Graphic designers struggle to redefine their role, to relocate their identity in the food chain of print and new media publishing. In the story of Cinderella, the rejection and exile of the protagonist establishes her as an outsider to the family system. This status of outsider is an interesting one for graphic designers who straddle several camps. Aligning themselves with both commercial workers and bohemian artists, designers long for something more. Will assuming a new name, like “project manager” or “information architect” be a way of altering the status of the graphic workhorse? Design often leverages and employs the signs of the outsider’s language. This is one way to attract attention, to speak for an “othered” population, to create sympathy for a cause. Design uses the visual vocabulary of the outsider as a tool. These signs are manipulated, to capture the attention of a numb audience, activating their repressed empathy as well as their appetite for the exotic. As the outsider sensibility solidifies into style, it gradually loses its original meaning, its function morphing to fit a new use. Subway graffiti becomes high art, Hip Hop culture becomes corporate graphics, grunge typography becomes the sentimental motion graphics in a tv ad for all terrain vehicle... Things change. Meanings shift.

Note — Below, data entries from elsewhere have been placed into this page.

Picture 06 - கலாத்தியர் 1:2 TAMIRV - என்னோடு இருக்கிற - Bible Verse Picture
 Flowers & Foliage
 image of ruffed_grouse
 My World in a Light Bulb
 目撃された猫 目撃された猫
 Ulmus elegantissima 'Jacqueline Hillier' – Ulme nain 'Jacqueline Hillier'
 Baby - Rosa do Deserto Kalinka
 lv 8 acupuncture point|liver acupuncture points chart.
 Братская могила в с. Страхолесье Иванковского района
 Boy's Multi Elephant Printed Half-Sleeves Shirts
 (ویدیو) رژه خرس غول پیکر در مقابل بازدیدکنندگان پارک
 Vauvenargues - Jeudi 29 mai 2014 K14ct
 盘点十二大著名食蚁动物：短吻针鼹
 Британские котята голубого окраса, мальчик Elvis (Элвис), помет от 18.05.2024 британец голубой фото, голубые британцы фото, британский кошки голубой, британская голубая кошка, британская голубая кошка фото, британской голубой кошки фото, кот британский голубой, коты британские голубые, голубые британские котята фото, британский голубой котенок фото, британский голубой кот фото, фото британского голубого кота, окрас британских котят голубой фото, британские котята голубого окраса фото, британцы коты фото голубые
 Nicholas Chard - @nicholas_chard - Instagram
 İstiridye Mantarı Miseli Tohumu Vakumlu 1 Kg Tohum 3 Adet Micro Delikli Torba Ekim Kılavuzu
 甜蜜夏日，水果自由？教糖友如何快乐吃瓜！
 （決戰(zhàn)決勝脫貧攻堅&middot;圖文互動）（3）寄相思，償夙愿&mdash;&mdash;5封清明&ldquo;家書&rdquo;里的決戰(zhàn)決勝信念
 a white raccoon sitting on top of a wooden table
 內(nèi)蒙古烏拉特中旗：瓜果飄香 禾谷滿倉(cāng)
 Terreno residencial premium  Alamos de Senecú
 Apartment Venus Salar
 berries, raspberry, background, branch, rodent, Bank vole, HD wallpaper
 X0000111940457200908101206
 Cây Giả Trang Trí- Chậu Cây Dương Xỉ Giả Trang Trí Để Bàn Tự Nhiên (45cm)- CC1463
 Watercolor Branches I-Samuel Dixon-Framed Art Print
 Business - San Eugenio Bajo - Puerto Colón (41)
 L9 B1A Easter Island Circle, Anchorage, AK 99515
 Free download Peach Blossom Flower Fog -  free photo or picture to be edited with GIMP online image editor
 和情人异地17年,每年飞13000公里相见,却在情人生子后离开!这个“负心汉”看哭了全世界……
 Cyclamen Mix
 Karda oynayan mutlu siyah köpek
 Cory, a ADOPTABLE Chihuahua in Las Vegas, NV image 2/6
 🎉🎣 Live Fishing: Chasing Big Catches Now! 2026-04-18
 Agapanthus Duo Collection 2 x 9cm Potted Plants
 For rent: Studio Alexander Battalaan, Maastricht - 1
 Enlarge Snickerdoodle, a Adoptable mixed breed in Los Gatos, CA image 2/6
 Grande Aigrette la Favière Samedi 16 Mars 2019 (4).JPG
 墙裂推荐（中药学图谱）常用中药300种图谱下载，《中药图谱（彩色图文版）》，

We seek in the fairy tale the aura of authenticity lent by folk culture. We project onto cultures, especially ones which we know the least about, a kind of simplistic purity. Once blinded to contradiction and complexity, this imagined purity may be harnessed for various purposes. Early modern painters did this in their embrace of primitivism. Graphic designers also do it, adopting the superficial look of outsider imagery in an attempt to create a fresher, more honest, visual style. This appropriation of the aura of authenticity is both troubling and tempting. I confess: I am seduced by the exotic object and have trained my own hand to render the faux-naive.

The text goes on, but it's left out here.